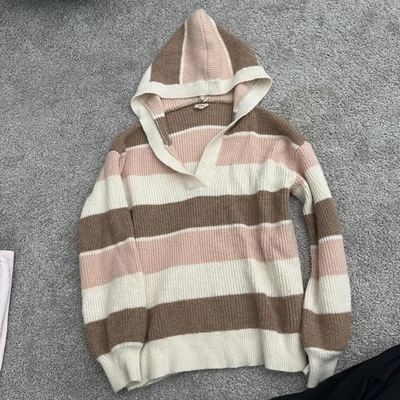 Baltic Born Mandy Sweater Cream/Brown/Peach Hooded Sweater Size S - Image 1 of 4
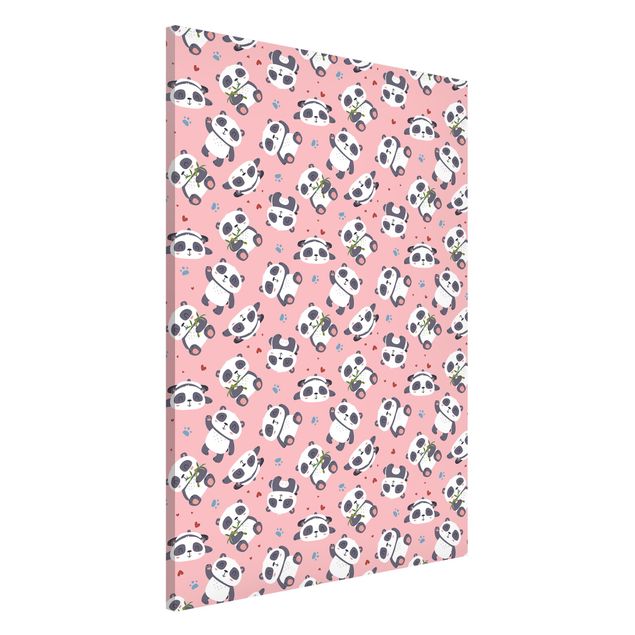 Nursery decoration Cute Panda With Paw Prints And Hearts Pastel Pink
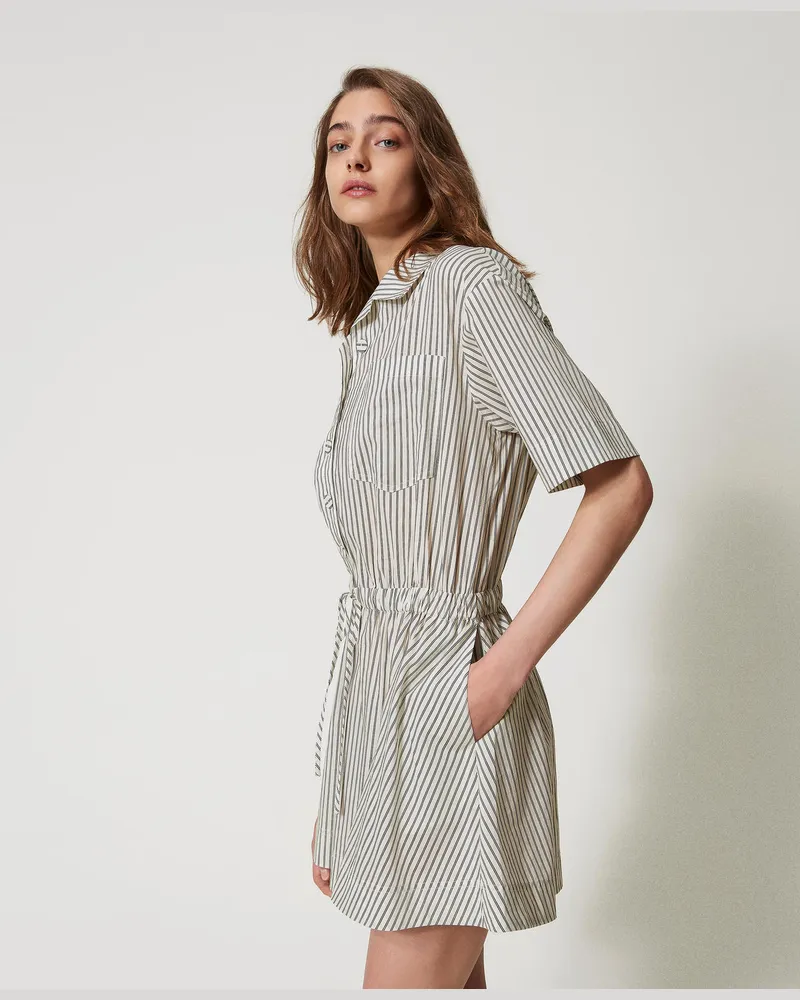 Twin-Set Kleider - Kurzes Kleid aus gestreiftem Popeline, Zweifarbig Elfenbein / Schwarz, Größe Zweifarbig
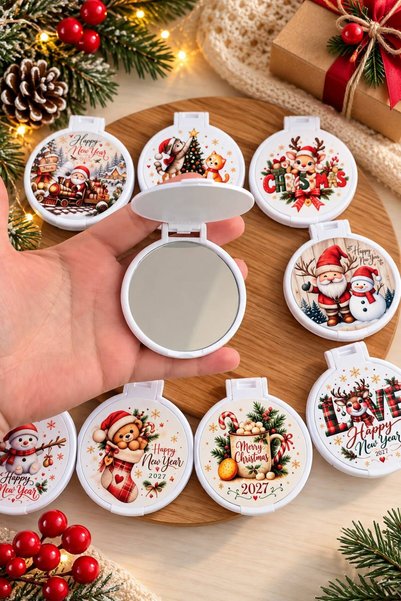 hazztasarım New Year's Themed 3-Piece Printed Bag Size Mini Decorative Mirror (3 Random Different Candles Will Be Sent)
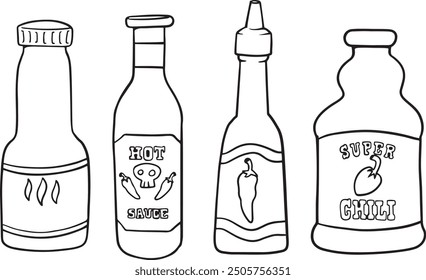 Vector illustration of an engraving style set of different sauces in saucepans and bottles. Ketchup, yogurt, tar tare sauce, vassabi - Food illustration - Line vector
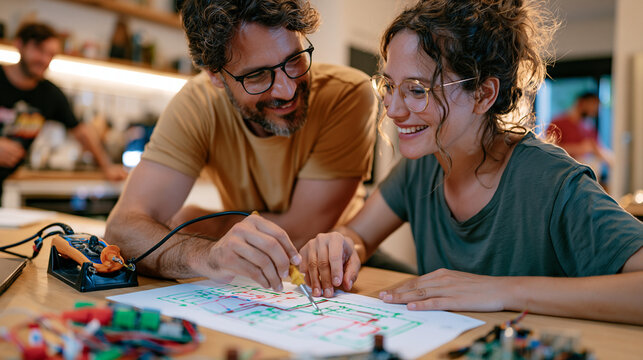 Electrical engineer and partner at a warm kitchen table reviewing circuit blueprints together, soldering iron resting on a holder, intimate home workspace couple dynamic, electronics career, hardwar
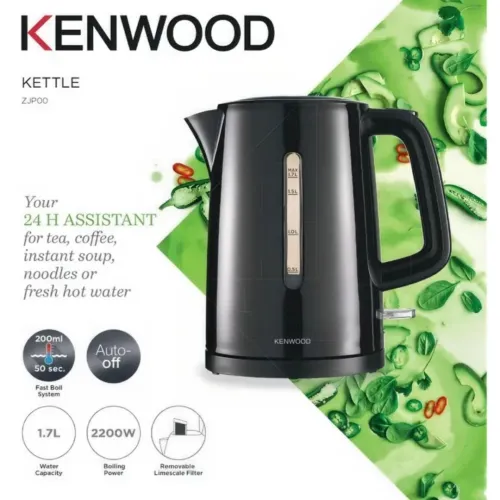 Bouilloire Électrique Kenwood Sans Fil 1.7L 2200W Systéme Chauffe Rapide Et Arrêt Automatique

● WHAT YOU WILL DO
Reproduce the entries above exactly, though not their pictures.

● TASK SOLUTION
 Baltic Born Mandy Sweater Cream/Brown/Peach Hooded Sweater Size S - Image 1 of 4
 Nursery decoration Cute Panda With Paw Prints And Hearts Pastel Pink
 Twin-Set Kleider - Kurzes Kleid aus gestreiftem Popeline, Zweifarbig Elfenbein / Schwarz, Größe Zweifarbig
 hazztasarım New Year's Themed 3-Piece Printed Bag Size Mini Decorative Mirror (3 Random Different Candles Will Be Sent)
 Vector illustration of an engraving style set of different sauces in saucepans and bottles. Ketchup, yogurt, tar tare sauce, vassabi - Food illustration - Line vector
 Electrical engineer and partner at a warm kitchen table reviewing circuit blueprints together, soldering iron resting on a holder, intimate home workspace couple dynamic, electronics career, hardwar
 Bouilloire Électrique Kenwood Sans Fil 1.7L 2200W Systéme Chauffe Rapide Et Arrêt Automatique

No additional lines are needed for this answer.